Both countries are applying the Shock Doctrine—using terrorism as a cover for a particular brand of blood and soil nationalism. That blood and soil nationalism engenders each regime with political legitimacy, but at the price of the norm-governed procedures that protect citizens against arbitrary tyranny. The New Yorker piece is therefore correct to wonder whether the project to Indianize Kashmir will backfire spectacularly Kashmirizing India. To the extent that Modi’s political movement has neutered the independent media and judiciary, engaged in systematic voter suppression of minorities in the Eastern state of Assam by stripping them of citizenship, and incited religious and ethnic animus, Modi’s rise has already Kashmirized India.
In these three prongs, Americans can find loud echoes to American politics under Trump. Voter suppression remains a key pillar of the GOP’s 2020 reelection strategy. The disinformation campaigns adeptly pursued by BJP ministers to spread religious and ethnic hatred ring close to home. Critical journalists, like one Muslim woman who uncovered Modi’s role in the Gujarat riots, have to endure abuse from hordes of Twitter mobs.

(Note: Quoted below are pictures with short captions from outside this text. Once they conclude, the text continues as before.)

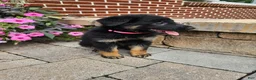 German Shepherd dogs for sale: Cassie - Ad 2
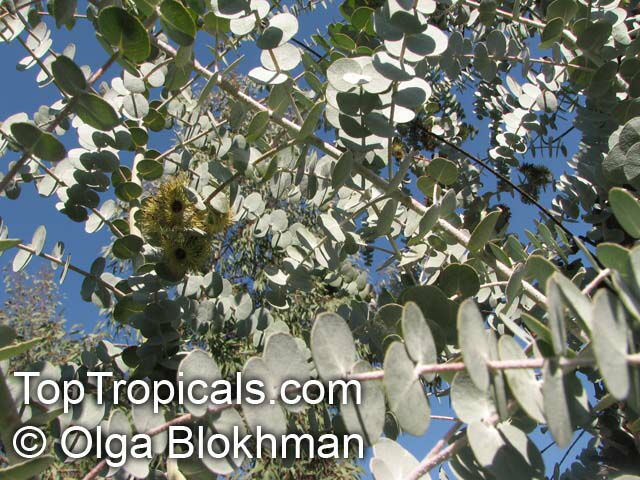 Eucalyptus kruseana, Book-leaf Mallee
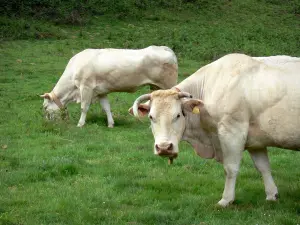 Landschappen van de Baskenland - Twee koeien in een weiland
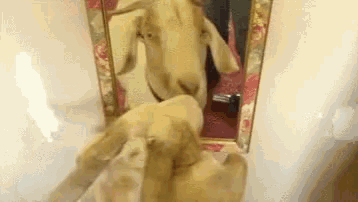 Funny Animals Goats GIF - Funny Animals Goats Amuse GIFs
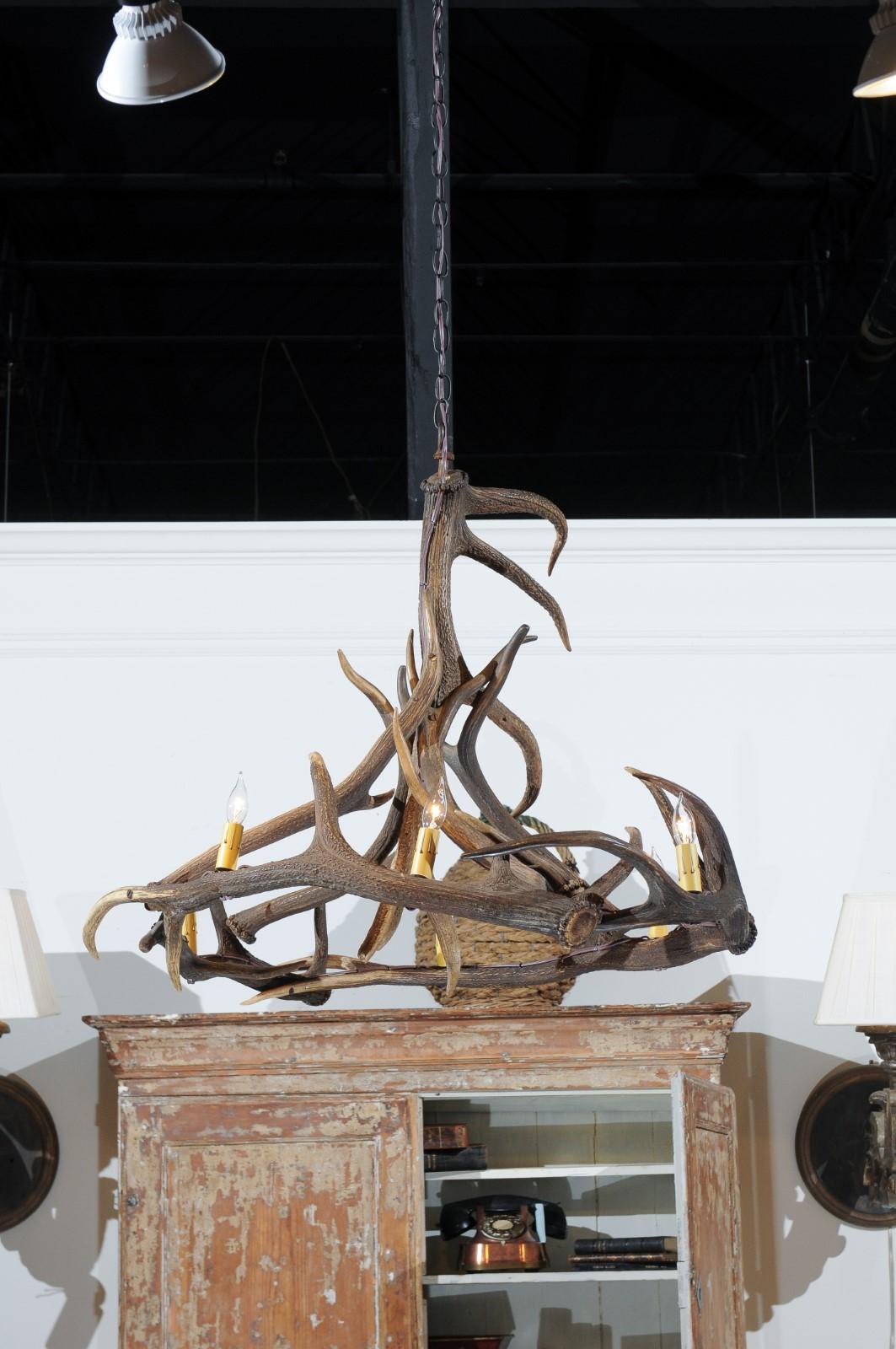 Rustic English 1960s Naturally Shed Fallow Deer Antler Six-Light Chandelier 8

It is worth quoting the frankness of Modi’s deputy, Amit Shah, on the role of these social media networks in the BJP’s election strategy, “We are capable of delivering any message we want to the public —whether sweet or sour, true or fake.”
This realization surely first came to Modi when he was a minister in Gujarat that mobs care little about the veracity behind allegations so long as they align with preexisting worldview. Riding the current of illiberal democracy remaking the world, the BJP realized just how much they can shape that worldview. Independent journalists can no longer publish in India’s legacy publications due to relentless pressure from the BJP.
But perhaps the most salient point of comparison of Modi to Trump is their indifference in the face of great atrocities. Both Trump and Modi have presided over a surge of hate crimes in their countries. Neither leader condemns violent attacks against minorities, instead preferring to remain silent or reserving judgement. As Trump said in the aftermath of Charlottesville, “some very fine people were on both sides.” Their silence is the loudest sound, bringing new relevance to MLK’s famous remark that the opposite of love is not hate, but indifference.
That is why the highest obligation of the progressive Internationale that must emerge in every corner of the world to engage in a coordinated counterassault against the Reactionary Internationale typified in Trump and Modi is to take to heart that injustice anywhere is a threat to justice anywhere. Blood and soil nationalism, wherever it manifests, is always and everywhere a threat to justice because it seeks to exclude the voices of minorities as legitimate representatives of the nation.
As implied in MLK’s famous warning from the Birmingham Jail, the threat to justice is actually more fundamental than that in that the exclusions to minorities set precedents that extend outward affecting every person in every nation. As good progressives, we must climb that proverbial mountain and yell stop—stop to the stripping of rights, stop to the barriers to communication, stop to arbitrary detentions, stop to the unregulated use of social media to incite ugly passions, and stop to the assault against mediating institutions. But stop is not enough, we must offer an alternative that ends the insecurity so many face, breeding fertile ground for these merchants of hate.